I tried to talk about it to my girlfriend about it some but I felt horribly ashamed. I didn’t want to let her to know I had become so self conscious and self destructive and I didn’t want her to feel guilty for being my motivation in doing this to myself. I ended up just sort of hinting about it without really asking for the help I needed. I told her that I was sick and couldn’t keep food down after dinner.
When i got back, things hadn’t really changed much between us, she didn’t seem any more attracted to me when she saw me, but she was happy to see that I had achieved my goal.
Eventually as we became closer she became alot more attracted to me.

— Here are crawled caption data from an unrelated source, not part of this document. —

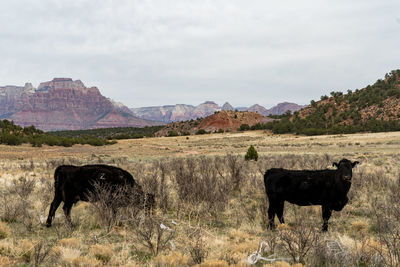 Horses in a field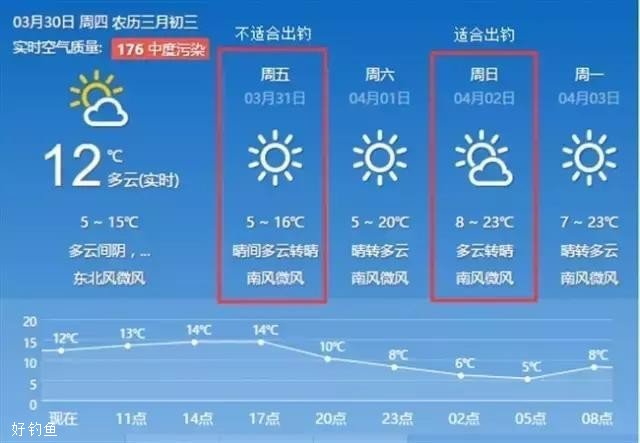 春钓鲤鱼如何选择出钓气温钓点饵料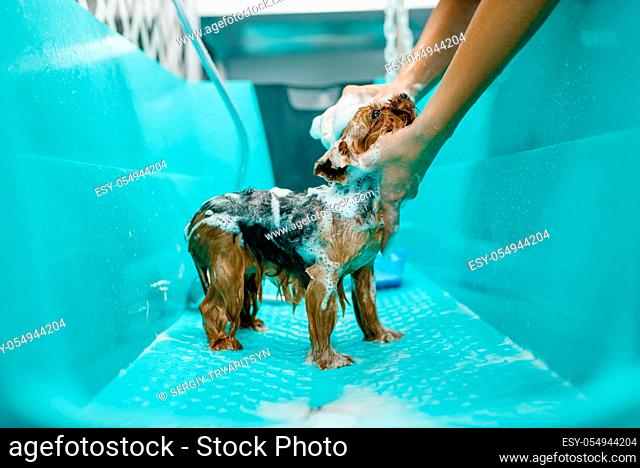 Female groomer foaming cute little dog, washing procedure, grooming salon. Woman with small pet prepares for haircut, groomed domestic animal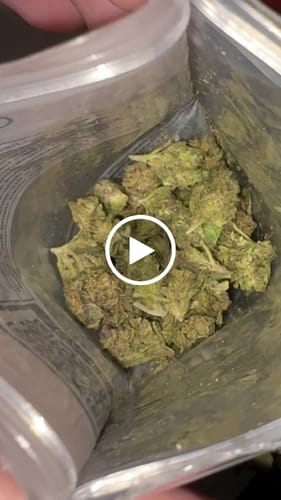 Customer video review of THCa Greenhouse Smalls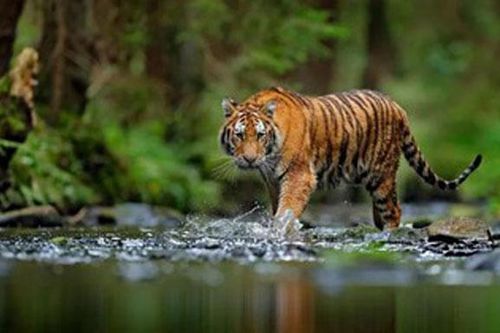 Nghịch lý lông hổ màu cam nổi bật nhưng lại giúp chúng dễ săn mồi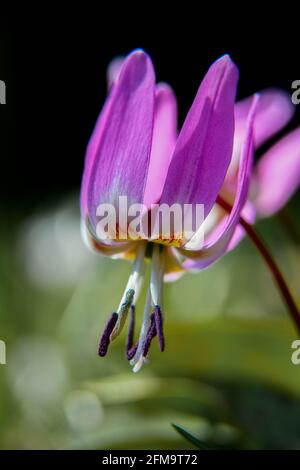 hahnentritte violett schöne Frühlingsblume, die nicht gesät comen ist In schweden Stockfoto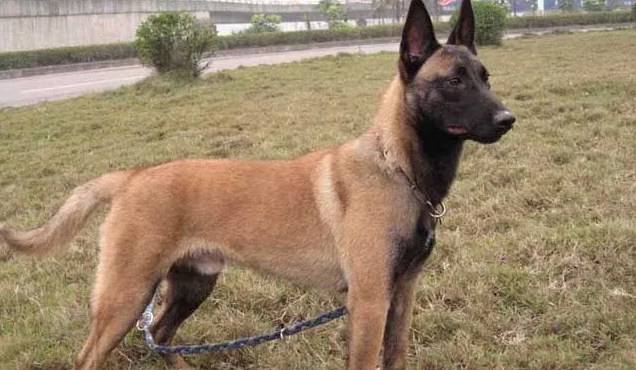 纯种马犬幼犬报价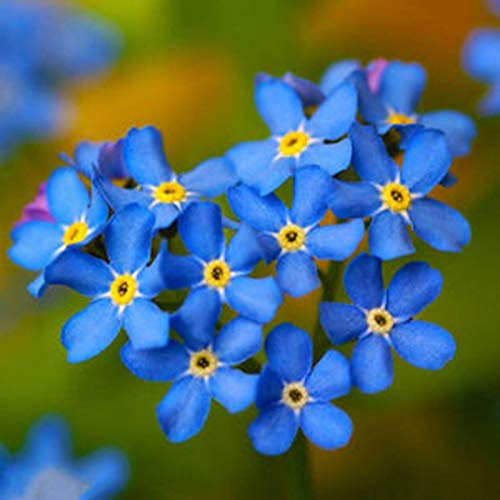Oce180anYLVUK Graines De Myosotis Sylvatica, Fleurs, Graines D'herbe, 50 Pcs/Sac Graines De Myosotis Sylvatica à Haute Germination Planter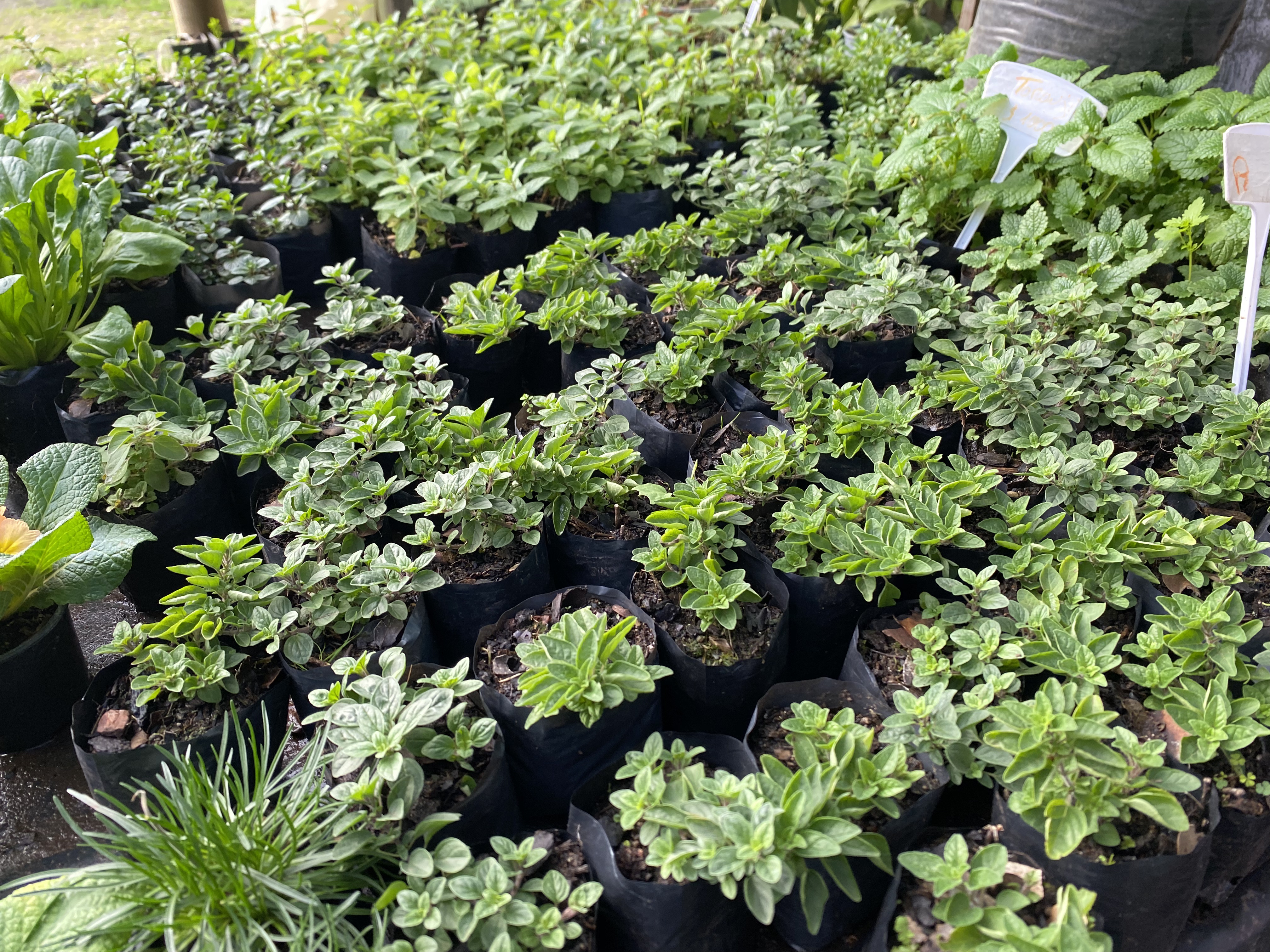 Vivero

I could see that she thought I was so much more beautiful than any other guy had been to her, but it had more to do with my heart than my body. That really helped me to heal. I was now on a new mission, to love my own body the way she loved me and to treat myself right. It was amazing to me how much love could help me feel beautiful.

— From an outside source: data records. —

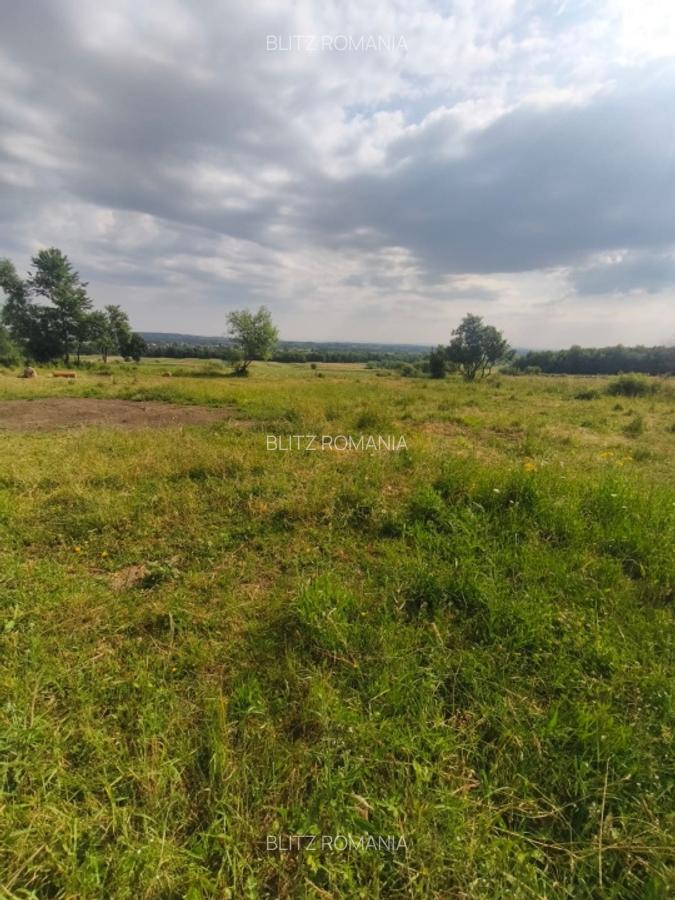 Casa+teren 5000mp, 70ml la DN 2E, zona Cacica, Radauti - 8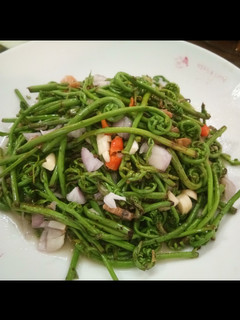 Foto resep Tumis pakis ebi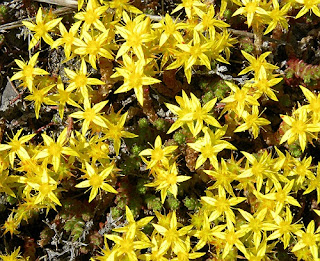 Iarba de Soaldina-Planta Medicinala Iarba de Soaldina-Planta Medicinala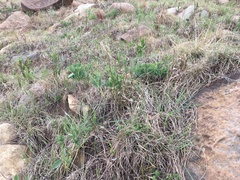 Argyrolobium robustum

Eventually I told her alot more about it, but she still doesn’t understand how deeply I was hurting, or how much she has helped me heal from that (I cc’d her though so she will when she reads this lol). Being open about it really helped me though, because now she understands that my body is a sensitive issue for me. I appreciate being able to be open with her though, greatly. Having someone to talk to makes a huge difference when it comes to body image, especially for a guy.
I have lost 8 pounds In the last 5 weeks. I’m at 200 now, and fairly comfortable, but more focused on feeling good than looking a certain way. Im also focused on losing weight slowly and at a healthy pace. The last time I purged was a few weeks ago. I called her crying at work and she was very supportive.
Anyway this is my experience with eating disorders. Thanks so much for letting me share it.